[Start of Attachment]
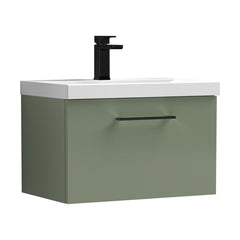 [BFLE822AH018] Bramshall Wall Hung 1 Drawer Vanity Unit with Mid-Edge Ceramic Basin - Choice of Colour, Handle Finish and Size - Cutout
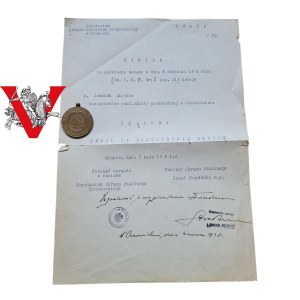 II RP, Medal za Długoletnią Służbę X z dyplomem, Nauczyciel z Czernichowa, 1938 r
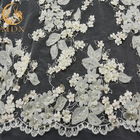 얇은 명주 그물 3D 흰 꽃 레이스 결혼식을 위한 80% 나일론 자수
[End of Attachment]
[Start of Attachment]
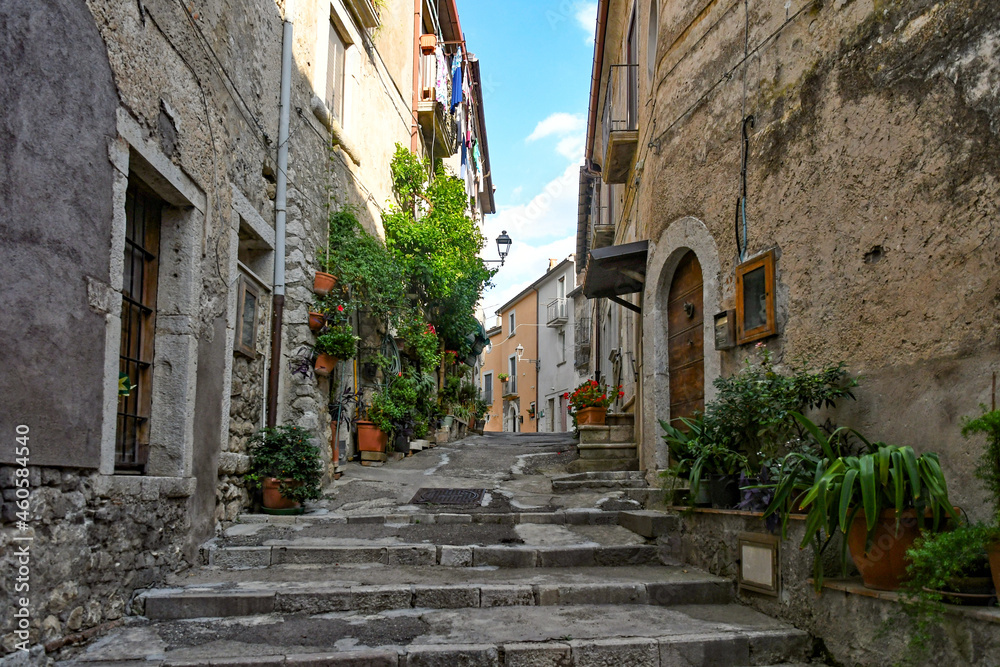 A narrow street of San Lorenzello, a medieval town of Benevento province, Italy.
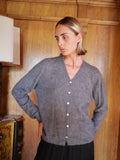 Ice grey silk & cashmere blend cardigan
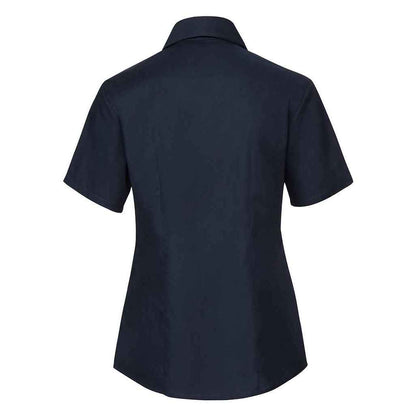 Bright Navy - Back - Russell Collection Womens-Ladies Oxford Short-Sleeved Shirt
[End of Attachment]
Looking at the listing above, which lines run from the one containing "[BFLE822AH018] Bramshall Wall" through the one containing "얇은 명주 그물 3D 흰 꽃 레이스 결혼식을 위한 80% 나일론 자수"? Print exactly those, ends included, pictures excluded.

**Problem solution:**
 [BFLE822AH018] Bramshall Wall Hung 1 Drawer Vanity Unit with Mid-Edge Ceramic Basin - Choice of Colour, Handle Finish and Size - Cutout
 II RP, Medal za Długoletnią Służbę X z dyplomem, Nauczyciel z Czernichowa, 1938 r
 얇은 명주 그물 3D 흰 꽃 레이스 결혼식을 위한 80% 나일론 자수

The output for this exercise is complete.